* _Work required_:
Once the pictures are set aside, copy the data below exactly as it stands.

* _Data segment_:

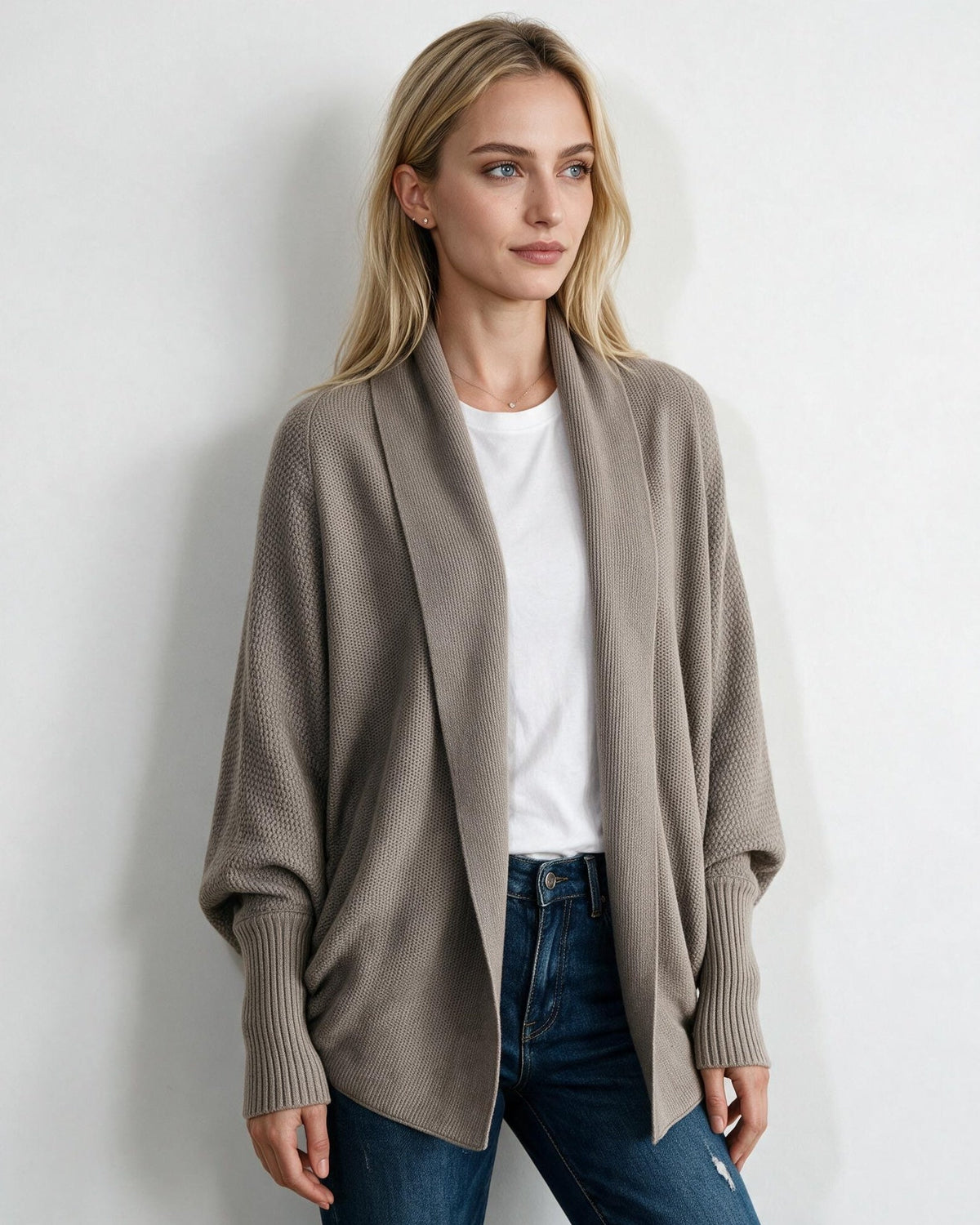 Beige longline open-front cardigan with dolman sleeves and ribbed sleeve cuffs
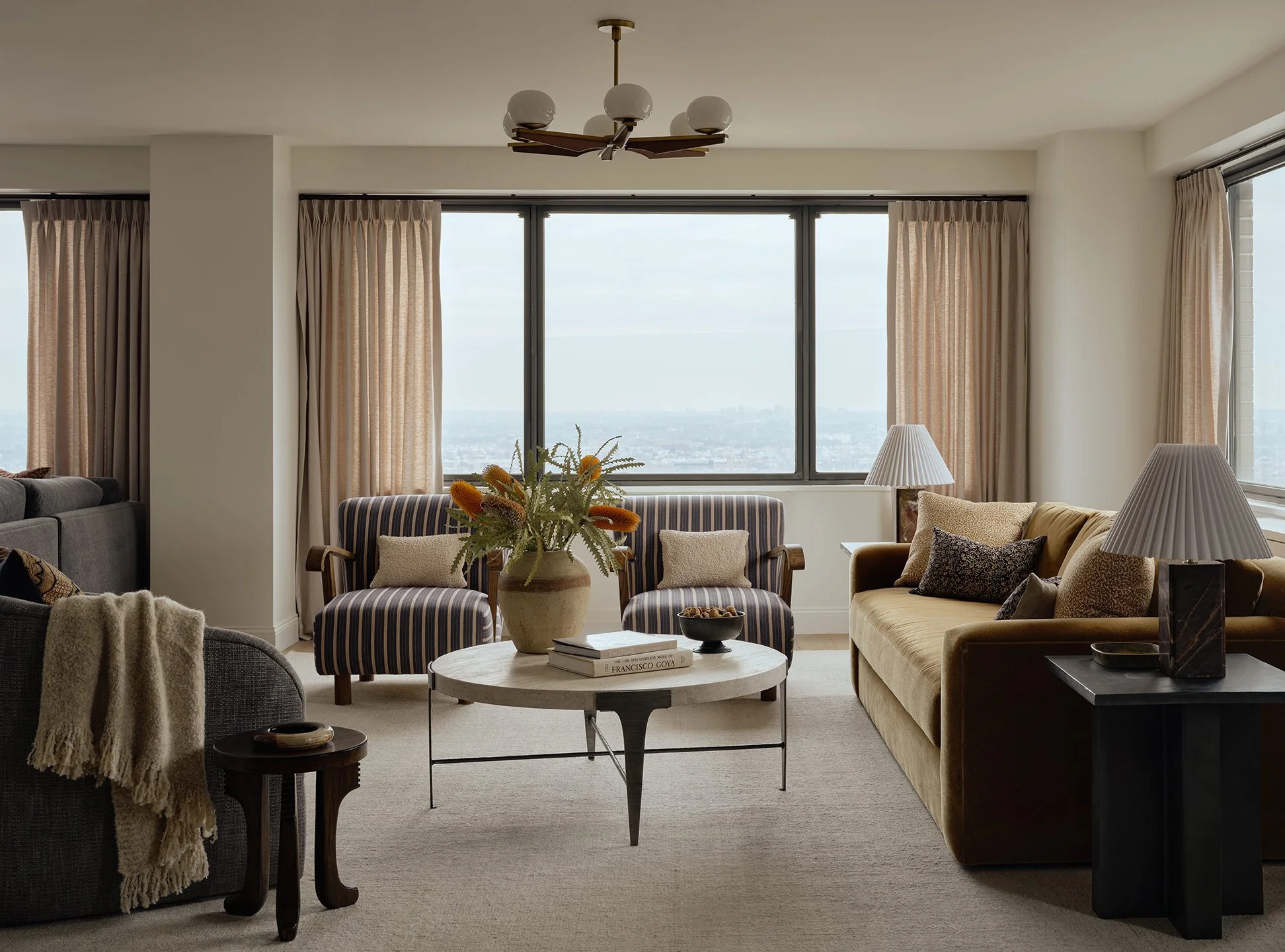 Living room with large windows, beige curtains, a striped armchair, yellow sofa with pillows, a coffee table with a potted plant, lamps, and a view of the city skyline.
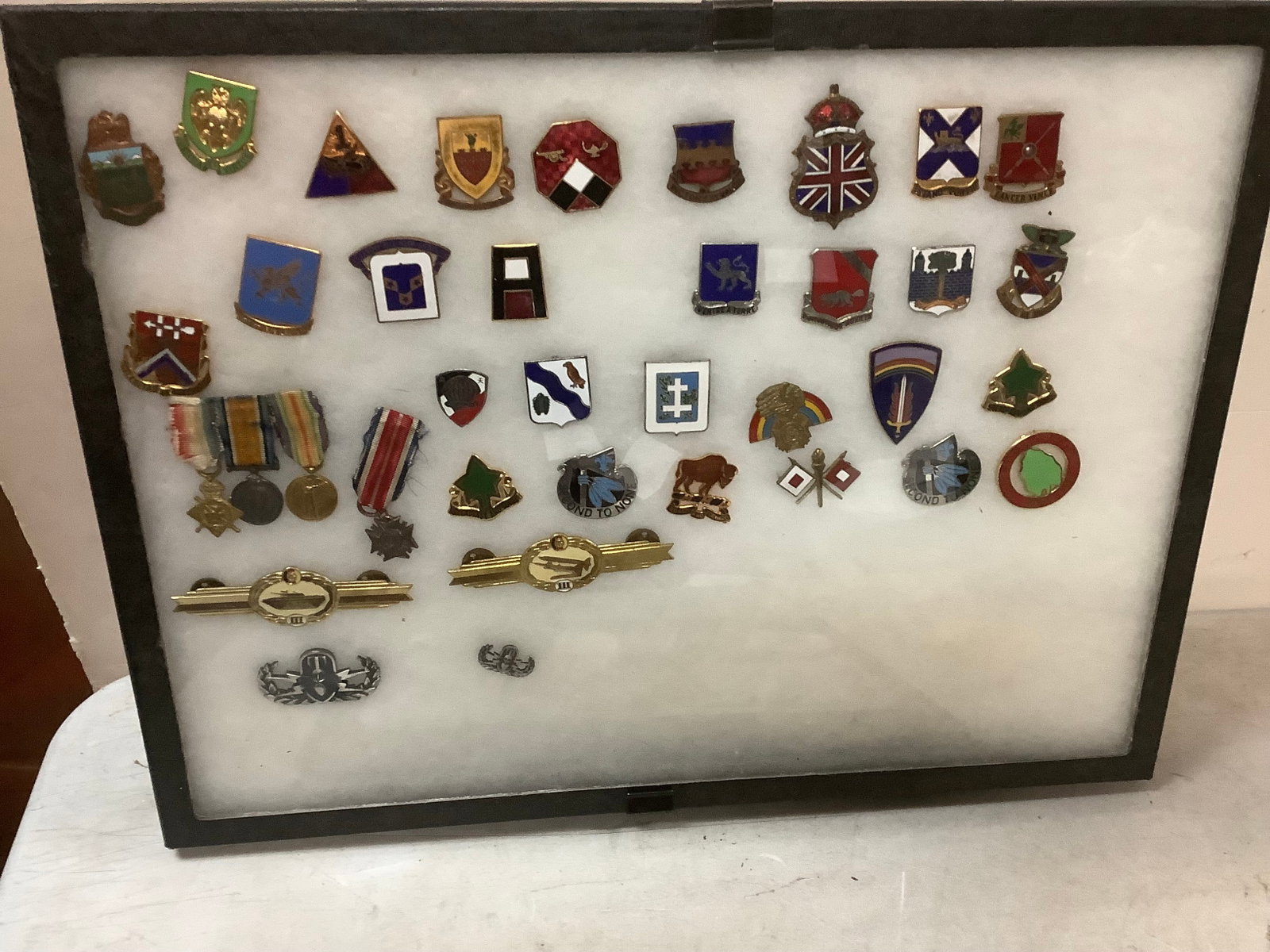 Lot of framed historic pins: Lot of framed historic pins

* _Answer space_:
 Beige longline open-front cardigan with dolman sleeves and ribbed sleeve cuffs
 Living room with large windows, beige curtains, a striped armchair, yellow sofa with pillows, a coffee table with a potted plant, lamps, and a view of the city skyline.
 Lot of framed historic pins: Lot of framed historic pins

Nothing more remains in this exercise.